■ YOUR TASK: Go to the line with "Canvas Bag Women's" in the records below, then output it and each following line exactly, up to and including the line with "Vinculan a proceso". Skip pictures and add nothing.

■ DATA RECORDS:
------------

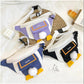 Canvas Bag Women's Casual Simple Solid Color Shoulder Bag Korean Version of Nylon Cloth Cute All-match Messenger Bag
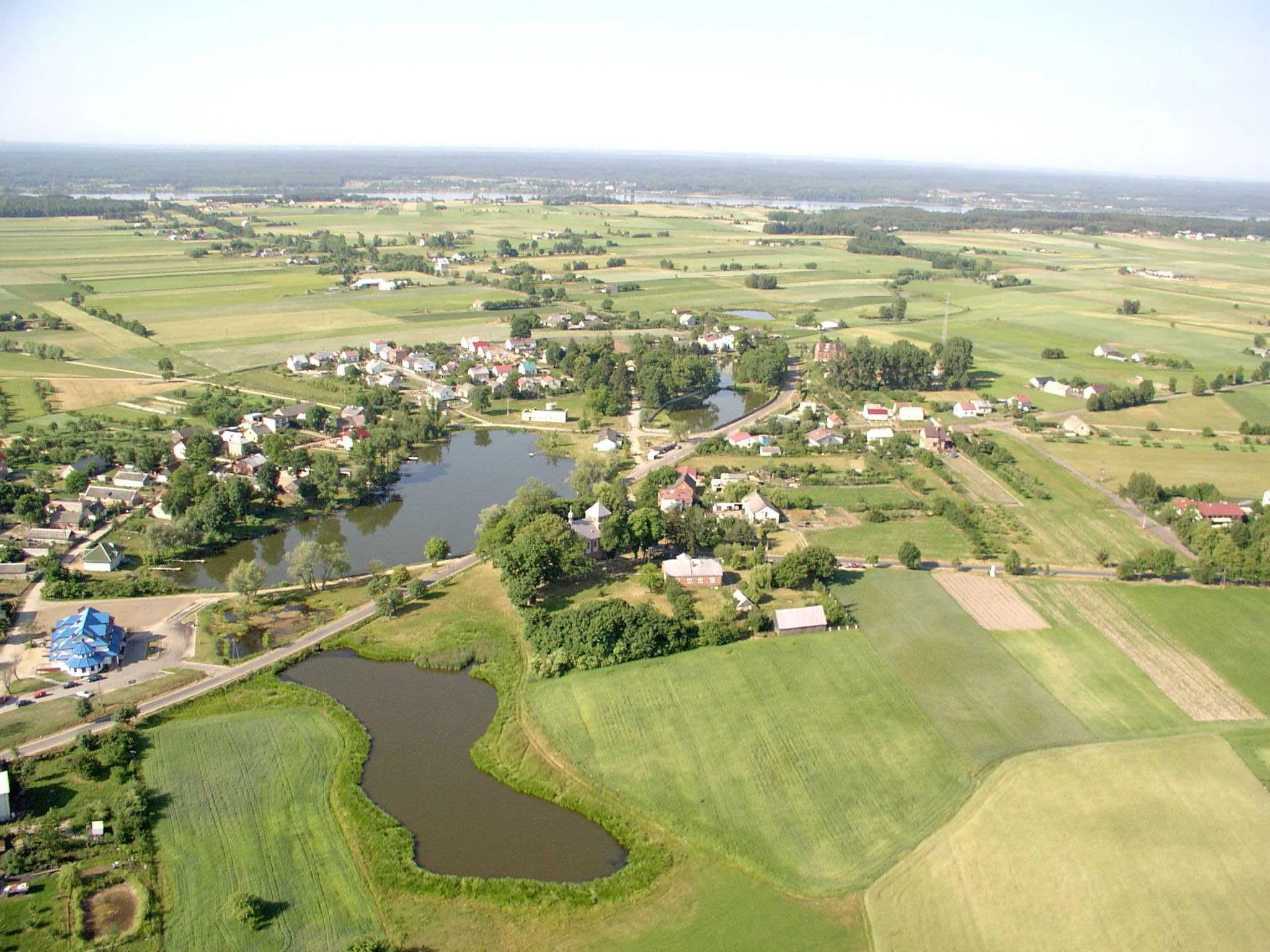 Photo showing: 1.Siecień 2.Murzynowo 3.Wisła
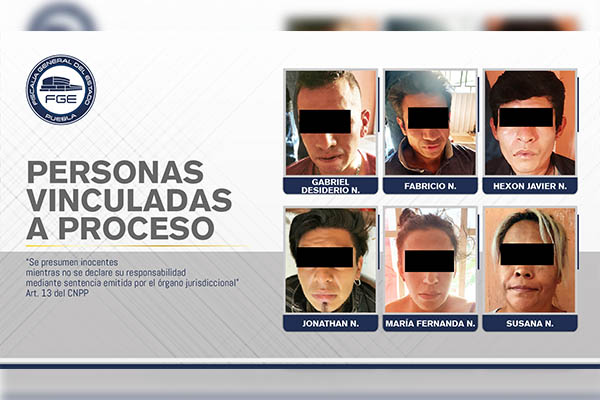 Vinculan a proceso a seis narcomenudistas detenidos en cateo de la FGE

------------

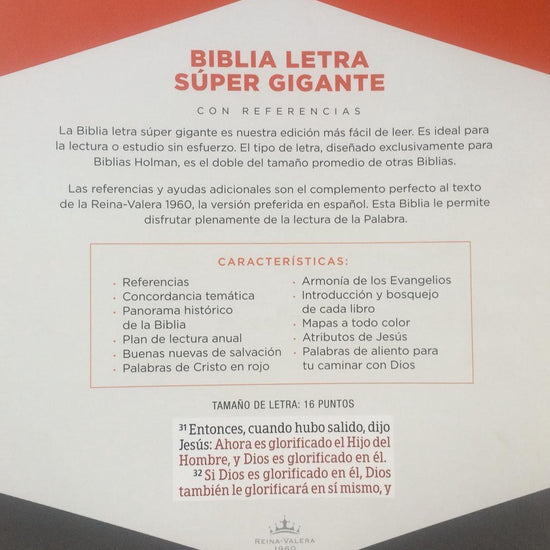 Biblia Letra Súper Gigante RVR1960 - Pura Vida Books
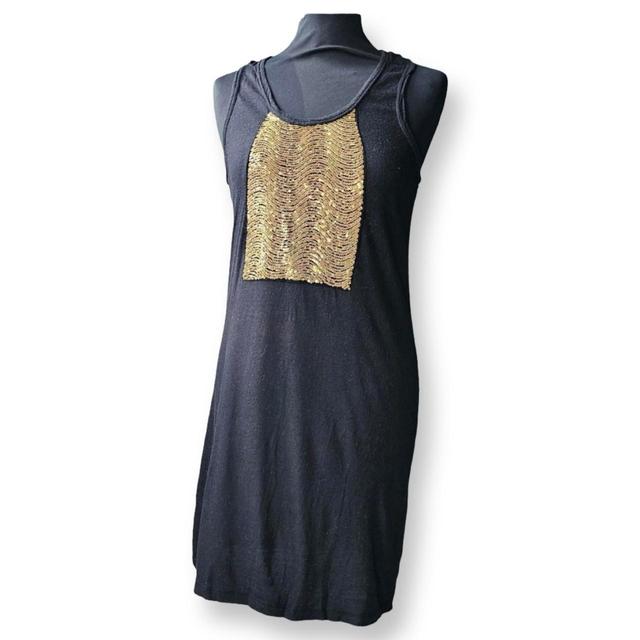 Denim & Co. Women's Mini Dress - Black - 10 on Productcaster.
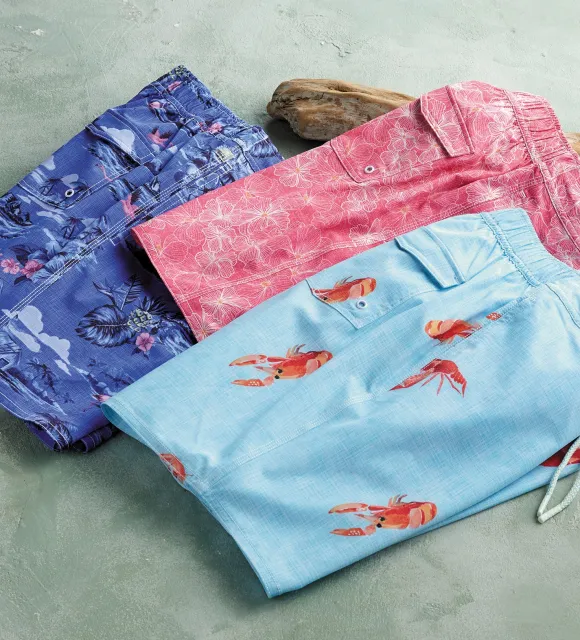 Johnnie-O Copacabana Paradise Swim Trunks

------------

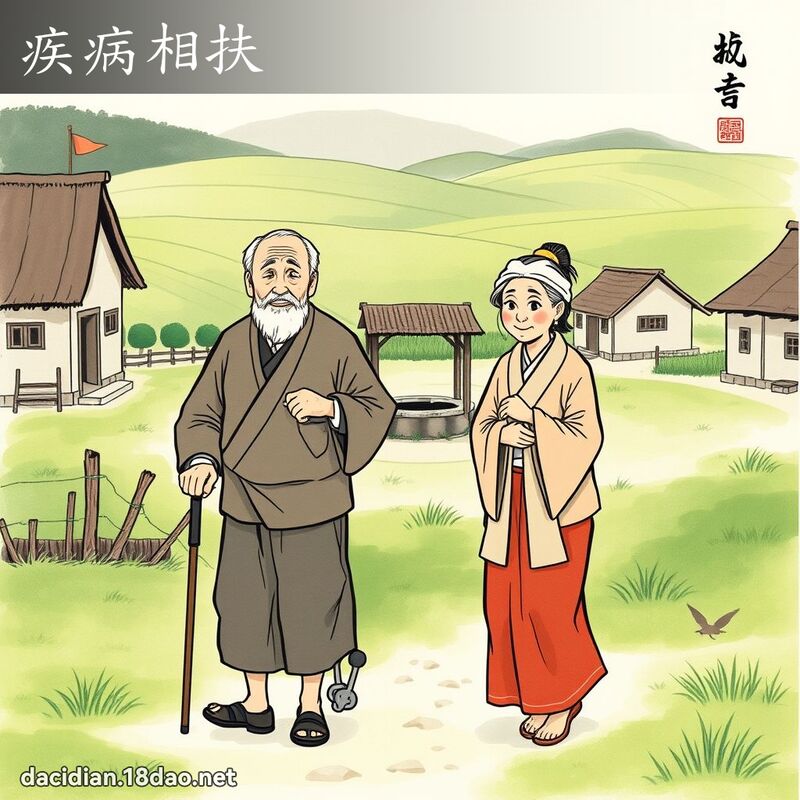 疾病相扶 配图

------------

■ SOLUTION:
 Canvas Bag Women's Casual Simple Solid Color Shoulder Bag Korean Version of Nylon Cloth Cute All-match Messenger Bag
 Photo showing: 1.Siecień 2.Murzynowo 3.Wisła
 Vinculan a proceso a seis narcomenudistas detenidos en cateo de la FGE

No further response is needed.